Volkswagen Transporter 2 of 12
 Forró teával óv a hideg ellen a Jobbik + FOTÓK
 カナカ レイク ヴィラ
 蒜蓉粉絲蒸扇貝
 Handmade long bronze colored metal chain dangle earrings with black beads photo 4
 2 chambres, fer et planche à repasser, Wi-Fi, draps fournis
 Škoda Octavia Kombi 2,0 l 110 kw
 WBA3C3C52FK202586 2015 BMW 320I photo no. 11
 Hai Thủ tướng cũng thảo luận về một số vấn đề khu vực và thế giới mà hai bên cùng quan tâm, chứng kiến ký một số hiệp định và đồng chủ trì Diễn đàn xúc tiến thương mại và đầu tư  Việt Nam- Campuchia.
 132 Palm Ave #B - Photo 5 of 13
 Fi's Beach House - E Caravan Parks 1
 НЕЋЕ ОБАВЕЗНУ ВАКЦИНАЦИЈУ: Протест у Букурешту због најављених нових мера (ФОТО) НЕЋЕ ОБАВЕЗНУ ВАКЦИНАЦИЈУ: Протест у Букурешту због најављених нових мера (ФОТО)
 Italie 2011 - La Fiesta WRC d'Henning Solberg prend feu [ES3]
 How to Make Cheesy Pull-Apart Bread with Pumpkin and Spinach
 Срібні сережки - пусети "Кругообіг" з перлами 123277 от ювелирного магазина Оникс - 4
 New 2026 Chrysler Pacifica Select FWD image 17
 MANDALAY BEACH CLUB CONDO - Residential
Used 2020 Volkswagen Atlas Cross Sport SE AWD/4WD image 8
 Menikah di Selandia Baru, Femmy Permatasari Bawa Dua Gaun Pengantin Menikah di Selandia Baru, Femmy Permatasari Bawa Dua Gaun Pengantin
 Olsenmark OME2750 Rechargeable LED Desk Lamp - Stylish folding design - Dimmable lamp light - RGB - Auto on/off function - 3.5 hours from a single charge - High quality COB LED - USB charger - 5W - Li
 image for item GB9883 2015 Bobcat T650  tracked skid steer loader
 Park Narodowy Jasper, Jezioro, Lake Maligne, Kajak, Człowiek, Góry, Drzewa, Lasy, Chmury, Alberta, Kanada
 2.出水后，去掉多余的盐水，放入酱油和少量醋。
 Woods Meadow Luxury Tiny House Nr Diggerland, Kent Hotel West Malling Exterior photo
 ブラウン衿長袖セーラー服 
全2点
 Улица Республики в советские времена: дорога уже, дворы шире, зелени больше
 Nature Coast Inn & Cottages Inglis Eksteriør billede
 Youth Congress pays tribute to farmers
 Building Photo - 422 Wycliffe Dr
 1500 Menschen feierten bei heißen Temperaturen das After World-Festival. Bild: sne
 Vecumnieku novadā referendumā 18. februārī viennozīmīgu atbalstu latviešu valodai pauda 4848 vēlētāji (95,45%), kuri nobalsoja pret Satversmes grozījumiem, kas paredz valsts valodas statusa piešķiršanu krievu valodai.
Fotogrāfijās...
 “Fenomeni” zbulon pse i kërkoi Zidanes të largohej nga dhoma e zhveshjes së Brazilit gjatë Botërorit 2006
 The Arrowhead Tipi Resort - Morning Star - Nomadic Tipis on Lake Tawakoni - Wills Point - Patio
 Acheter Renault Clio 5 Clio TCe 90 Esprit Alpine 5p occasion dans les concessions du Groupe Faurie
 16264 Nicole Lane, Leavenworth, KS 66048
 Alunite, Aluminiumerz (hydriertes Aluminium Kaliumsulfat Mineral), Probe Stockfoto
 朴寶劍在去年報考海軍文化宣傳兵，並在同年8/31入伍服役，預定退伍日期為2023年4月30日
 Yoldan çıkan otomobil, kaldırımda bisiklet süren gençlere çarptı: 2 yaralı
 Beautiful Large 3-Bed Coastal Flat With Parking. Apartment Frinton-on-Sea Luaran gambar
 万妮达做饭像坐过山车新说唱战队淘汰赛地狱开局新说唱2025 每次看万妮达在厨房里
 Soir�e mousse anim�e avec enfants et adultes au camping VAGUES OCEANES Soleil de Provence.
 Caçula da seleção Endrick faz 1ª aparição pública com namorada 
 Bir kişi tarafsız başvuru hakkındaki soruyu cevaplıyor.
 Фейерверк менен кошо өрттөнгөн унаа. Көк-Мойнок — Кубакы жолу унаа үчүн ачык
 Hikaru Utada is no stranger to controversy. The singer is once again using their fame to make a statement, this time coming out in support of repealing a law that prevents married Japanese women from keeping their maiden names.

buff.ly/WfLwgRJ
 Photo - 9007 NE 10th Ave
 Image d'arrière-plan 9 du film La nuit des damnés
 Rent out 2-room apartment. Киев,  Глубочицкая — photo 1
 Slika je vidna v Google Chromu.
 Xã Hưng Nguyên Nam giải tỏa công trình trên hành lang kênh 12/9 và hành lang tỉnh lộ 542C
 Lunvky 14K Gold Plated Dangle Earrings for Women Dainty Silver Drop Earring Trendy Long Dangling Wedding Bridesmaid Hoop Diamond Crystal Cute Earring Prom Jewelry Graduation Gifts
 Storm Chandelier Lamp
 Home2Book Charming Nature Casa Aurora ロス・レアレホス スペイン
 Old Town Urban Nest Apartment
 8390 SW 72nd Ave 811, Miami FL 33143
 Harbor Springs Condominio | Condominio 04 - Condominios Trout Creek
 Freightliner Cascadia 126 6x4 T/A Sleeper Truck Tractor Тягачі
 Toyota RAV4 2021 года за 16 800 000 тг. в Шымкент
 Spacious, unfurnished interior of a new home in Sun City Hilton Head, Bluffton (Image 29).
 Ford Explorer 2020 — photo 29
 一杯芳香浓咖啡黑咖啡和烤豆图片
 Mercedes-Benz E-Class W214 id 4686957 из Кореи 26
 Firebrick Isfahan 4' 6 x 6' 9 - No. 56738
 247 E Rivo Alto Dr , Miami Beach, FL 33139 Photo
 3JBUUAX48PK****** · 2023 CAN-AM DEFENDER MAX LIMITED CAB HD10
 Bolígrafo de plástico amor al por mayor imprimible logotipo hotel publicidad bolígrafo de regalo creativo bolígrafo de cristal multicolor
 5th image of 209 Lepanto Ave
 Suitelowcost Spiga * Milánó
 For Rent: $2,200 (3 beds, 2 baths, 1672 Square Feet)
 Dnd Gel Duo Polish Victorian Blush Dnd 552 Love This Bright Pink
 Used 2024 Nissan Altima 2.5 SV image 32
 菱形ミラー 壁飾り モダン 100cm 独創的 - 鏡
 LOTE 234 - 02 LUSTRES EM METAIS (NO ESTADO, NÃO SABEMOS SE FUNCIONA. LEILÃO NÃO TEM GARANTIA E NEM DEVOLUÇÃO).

ACTION ITEM:
Where the data above reaches the line holding "8390 SW 72nd Ave 811, Miami FL 33143", begin printing, and stop after the line holding "Toyota RAV4 2021". Each line must be reproduced exactly, with nothing else added.

SOLUTION:
 8390 SW 72nd Ave 811, Miami FL 33143
 Harbor Springs Condominio | Condominio 04 - Condominios Trout Creek
 Freightliner Cascadia 126 6x4 T/A Sleeper Truck Tractor Тягачі
 Toyota RAV4 2021 года за 16 800 000 тг. в Шымкент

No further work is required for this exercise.